Emerson has reinvented itself into a software-led automation pure-play—leveraging AI-data-center power and LNG megaprojects to chase $8 EPS by 2028 while navigating China/Europe softness and integration execution risk.

Overview

Emerson Electric has executed a rapid, large-scale transformation since 2021—shifting from a diversified industrial conglomerate into a global automation leader optimized for high-margin software and intelligent devices.
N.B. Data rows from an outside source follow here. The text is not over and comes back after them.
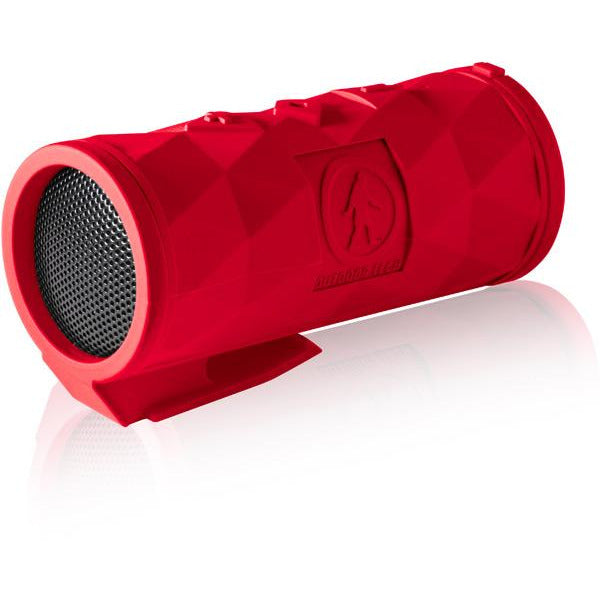 Outdoor Tech Buckshot 2.0 Mini Wireless Speaker Red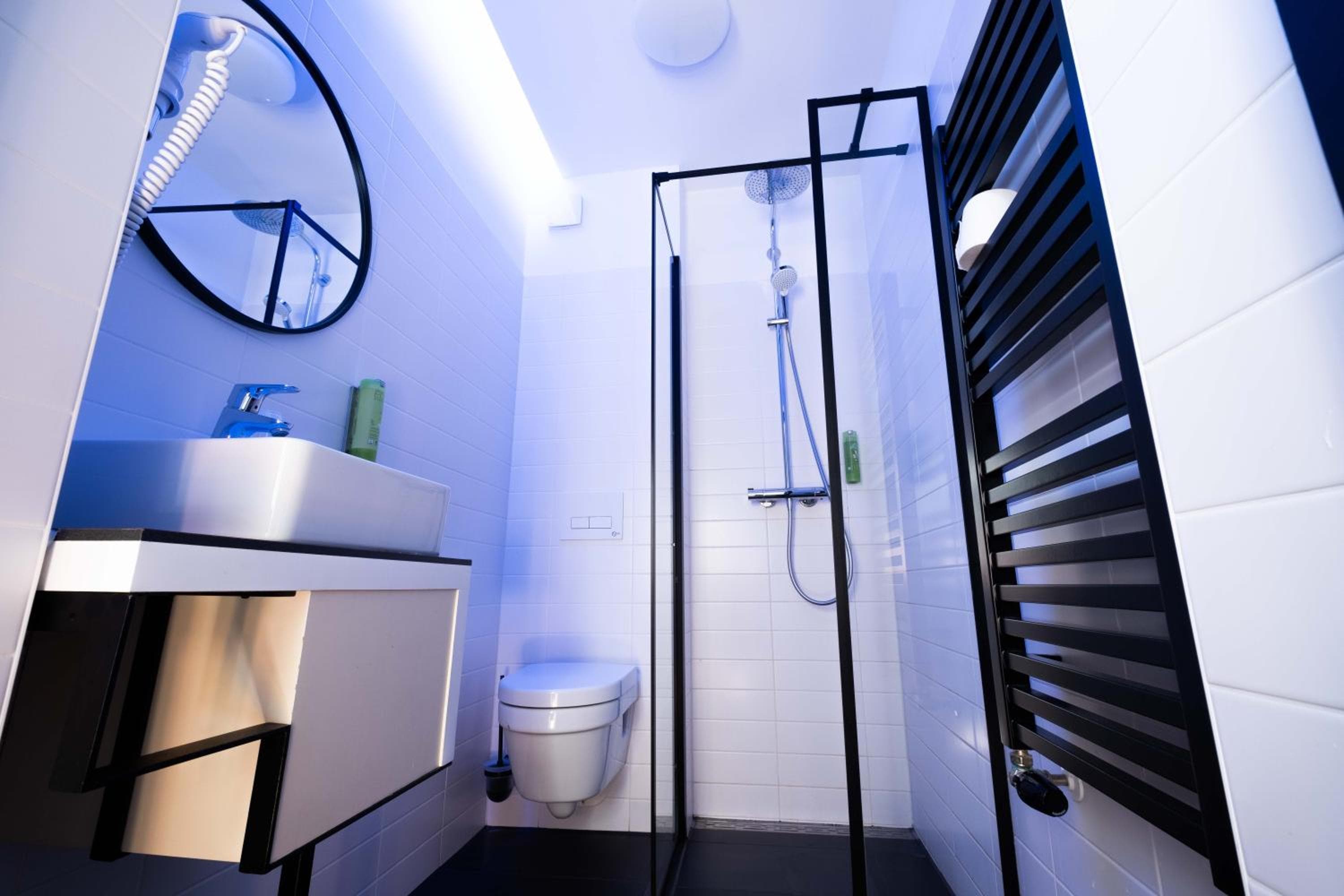 De Pijp Hotel — 25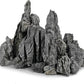 Unocho Aquarium Rocks Natural Seiryu Rock 20LB aquascape Stone for Fish Tank Aquariums Landscaping Model Tank Decoration Aquarium Miniature and Fairy Garden- 3 to 10 inches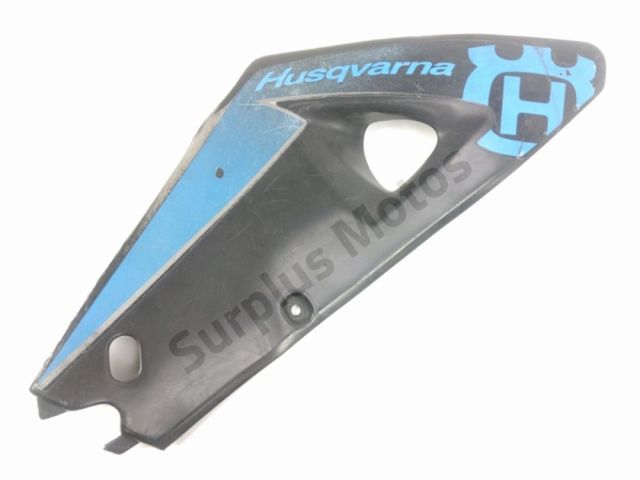 Carenage avant droit occasion HUSQVARNA SM 2003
Q2 FY26 results show the new model working amid a bifurcated macro backdrop: net sales rose 3% to ~$4.56B, while pretax earnings jumped 26% to ~$793M and pretax margin expanded 320 bps to 17.4%. Underlying orders grew ~5% versus ~0.5% underlying sales, indicating backlog build and long-cycle project strength (power and LNG) despite temporary Middle East logistics disruption and continued softness in China/Europe. The company’s $7.9B backlog, expanding automation exposure, and >60% MRO/recurring revenue mix support resilience. Management’s 2028 targets—$21B sales, 30% segment EBITA margin, and $8 EPS—frame the multi-year upside, with valuation and execution risk centered on integration, renewal accounting optics, and macro uncertainty.